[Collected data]
================

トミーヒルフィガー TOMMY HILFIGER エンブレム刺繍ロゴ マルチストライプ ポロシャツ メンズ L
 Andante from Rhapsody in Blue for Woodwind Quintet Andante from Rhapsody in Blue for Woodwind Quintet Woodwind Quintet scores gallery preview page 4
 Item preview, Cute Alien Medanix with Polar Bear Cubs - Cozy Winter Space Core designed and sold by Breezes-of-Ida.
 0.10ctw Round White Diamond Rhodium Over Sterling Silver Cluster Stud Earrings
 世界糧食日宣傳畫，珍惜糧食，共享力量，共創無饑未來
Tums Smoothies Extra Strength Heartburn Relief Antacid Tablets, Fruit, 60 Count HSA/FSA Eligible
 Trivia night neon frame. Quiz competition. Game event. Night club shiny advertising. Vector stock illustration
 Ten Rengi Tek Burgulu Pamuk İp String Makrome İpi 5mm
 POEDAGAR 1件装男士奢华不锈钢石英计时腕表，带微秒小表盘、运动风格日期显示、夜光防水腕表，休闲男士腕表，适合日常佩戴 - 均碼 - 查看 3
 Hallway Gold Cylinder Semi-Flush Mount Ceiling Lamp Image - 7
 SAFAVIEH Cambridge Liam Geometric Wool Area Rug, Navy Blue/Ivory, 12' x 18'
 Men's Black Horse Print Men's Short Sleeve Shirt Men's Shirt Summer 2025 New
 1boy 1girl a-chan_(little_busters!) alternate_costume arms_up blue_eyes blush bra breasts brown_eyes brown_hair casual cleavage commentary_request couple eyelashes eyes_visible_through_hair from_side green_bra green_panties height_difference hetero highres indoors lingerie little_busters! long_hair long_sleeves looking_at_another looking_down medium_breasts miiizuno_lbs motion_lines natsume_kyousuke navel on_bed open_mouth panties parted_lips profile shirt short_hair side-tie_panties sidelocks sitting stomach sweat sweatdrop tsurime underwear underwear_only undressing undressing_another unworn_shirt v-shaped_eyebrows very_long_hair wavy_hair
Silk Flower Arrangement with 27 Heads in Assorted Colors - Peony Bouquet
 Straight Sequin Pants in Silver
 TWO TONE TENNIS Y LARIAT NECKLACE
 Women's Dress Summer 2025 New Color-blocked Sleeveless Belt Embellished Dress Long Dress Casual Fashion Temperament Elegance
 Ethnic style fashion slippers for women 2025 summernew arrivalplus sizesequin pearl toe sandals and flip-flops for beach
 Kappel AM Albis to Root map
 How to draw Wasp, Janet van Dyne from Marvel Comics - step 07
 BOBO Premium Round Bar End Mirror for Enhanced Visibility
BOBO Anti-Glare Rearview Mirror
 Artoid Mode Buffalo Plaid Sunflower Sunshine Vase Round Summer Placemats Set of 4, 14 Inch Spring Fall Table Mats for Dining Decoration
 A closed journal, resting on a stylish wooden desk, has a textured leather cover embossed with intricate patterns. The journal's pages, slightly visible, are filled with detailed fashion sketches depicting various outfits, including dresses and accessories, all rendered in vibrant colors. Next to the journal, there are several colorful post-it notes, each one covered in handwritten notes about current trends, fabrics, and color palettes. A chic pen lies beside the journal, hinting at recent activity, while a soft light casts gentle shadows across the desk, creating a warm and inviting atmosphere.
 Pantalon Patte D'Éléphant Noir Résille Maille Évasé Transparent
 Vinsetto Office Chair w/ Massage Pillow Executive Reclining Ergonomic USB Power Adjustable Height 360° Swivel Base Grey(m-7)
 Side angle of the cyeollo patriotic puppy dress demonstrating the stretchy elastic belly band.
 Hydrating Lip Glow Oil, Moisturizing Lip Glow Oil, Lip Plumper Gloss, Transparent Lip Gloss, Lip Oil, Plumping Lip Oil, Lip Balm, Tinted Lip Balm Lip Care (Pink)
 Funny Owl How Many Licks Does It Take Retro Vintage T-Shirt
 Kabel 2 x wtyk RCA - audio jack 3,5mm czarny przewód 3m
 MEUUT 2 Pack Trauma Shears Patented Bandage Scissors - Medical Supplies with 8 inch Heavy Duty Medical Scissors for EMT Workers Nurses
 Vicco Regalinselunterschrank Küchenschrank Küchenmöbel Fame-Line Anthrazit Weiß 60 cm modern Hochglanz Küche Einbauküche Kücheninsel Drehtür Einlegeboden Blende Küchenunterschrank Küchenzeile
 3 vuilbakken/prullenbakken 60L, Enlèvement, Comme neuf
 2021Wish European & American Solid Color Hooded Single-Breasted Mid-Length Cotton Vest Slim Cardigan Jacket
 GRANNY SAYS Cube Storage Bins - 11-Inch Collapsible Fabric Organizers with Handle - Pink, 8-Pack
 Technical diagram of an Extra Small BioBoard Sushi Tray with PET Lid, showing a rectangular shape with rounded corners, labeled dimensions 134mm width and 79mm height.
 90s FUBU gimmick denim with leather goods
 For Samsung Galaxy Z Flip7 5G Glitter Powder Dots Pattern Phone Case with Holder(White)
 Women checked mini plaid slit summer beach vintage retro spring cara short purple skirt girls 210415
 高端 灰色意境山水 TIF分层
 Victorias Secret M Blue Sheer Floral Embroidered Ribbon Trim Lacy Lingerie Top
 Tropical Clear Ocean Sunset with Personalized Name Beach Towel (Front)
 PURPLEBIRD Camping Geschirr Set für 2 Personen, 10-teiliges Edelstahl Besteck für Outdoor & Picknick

================

• **What you should do**
When you reach the line with "Trivia night neon" in the records above, start writing out lines exactly, and stop once the line with "Men's Black Horse" has been written; include nothing else.

• **Task result**
 Trivia night neon frame. Quiz competition. Game event. Night club shiny advertising. Vector stock illustration
 Ten Rengi Tek Burgulu Pamuk İp String Makrome İpi 5mm
 POEDAGAR 1件装男士奢华不锈钢石英计时腕表，带微秒小表盘、运动风格日期显示、夜光防水腕表，休闲男士腕表，适合日常佩戴 - 均碼 - 查看 3
 Hallway Gold Cylinder Semi-Flush Mount Ceiling Lamp Image - 7
 SAFAVIEH Cambridge Liam Geometric Wool Area Rug, Navy Blue/Ivory, 12' x 18'
 Men's Black Horse Print Men's Short Sleeve Shirt Men's Shirt Summer 2025 New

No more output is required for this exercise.